Trade-offs: Accuracy vs Speed vs Memory

Algorithm Query Speed Recall (Accuracy) Memory Usage Build Time
Brute Force Slow 100% (exact) Low None
HNSW Very Fast 95–99% High Slow
IVF Fast 90–97% Medium Medium
IVF-PQ Fast 85–95% Very Low Medium
LSH Very Fast 80–90% Medium Fast

Filtering with Metadata

Real applications rarely search only by vector similarity. You almost always need to combine similarity search with metadata filters (e.g., "find similar products, but only in the Electronics category, priced under $100").
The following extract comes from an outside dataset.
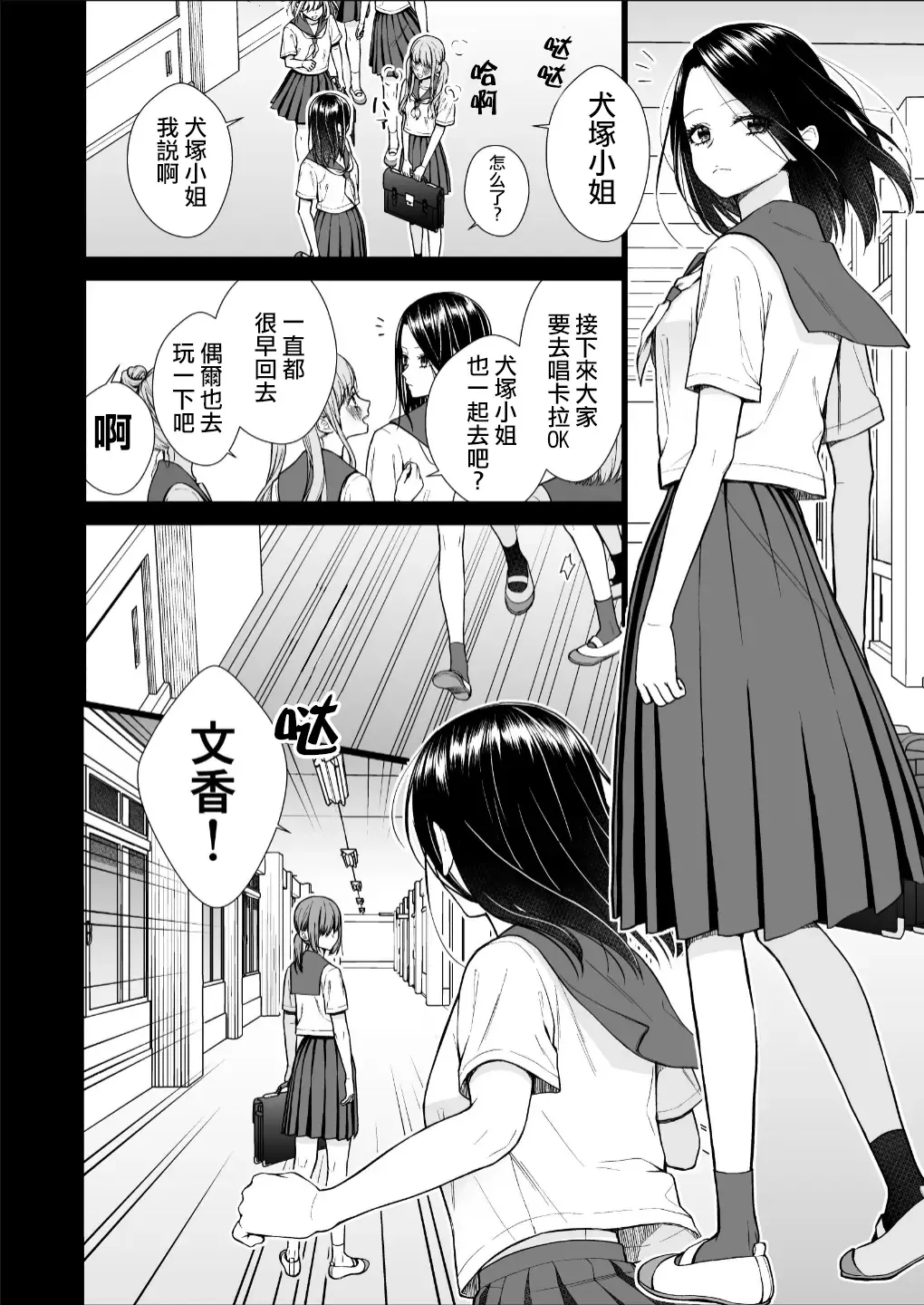 [Yamaguchi Kyo] Kuzu Joshi ga Honki no Koi ni Ochiru made Menkui Joshi Hen Kouhen | 直到渣女真心坠入爱河 颜控女子篇 后篇 Fhentai - Page 10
Vector databases support two filtering strategies:

  • Pre-filtering: Apply metadata filters first, then search only the matching vectors. Guarantees all results match the filter, but may reduce search quality if too few vectors remain.
  • Post-filtering: Search all vectors first, then remove results that do not match the filter. Better search quality, but may return fewer than k results.
Conceptual - Filtered Vector Search 
# Pseudo-code for filtered similarity search
results = vector_db.query(
    vector=query_embedding,
    top_k=10,
    filter={
        "category": "electronics",
        "price": {"$lt": 100},
        "in_stock": True
    }
)
# Returns the 10 most similar vectors that also
# match ALL metadata filter conditions

💡 Quick Quiz

If you have 100 million vectors and need sub-10ms query latency with 95%+ recall, which indexing algorithm would you choose and why?

HNSW is generally the best choice here. Its 95-99% recall at very fast query speeds makes it ideal, provided you have enough RAM. Most production vector databases default to HNSW for this reason.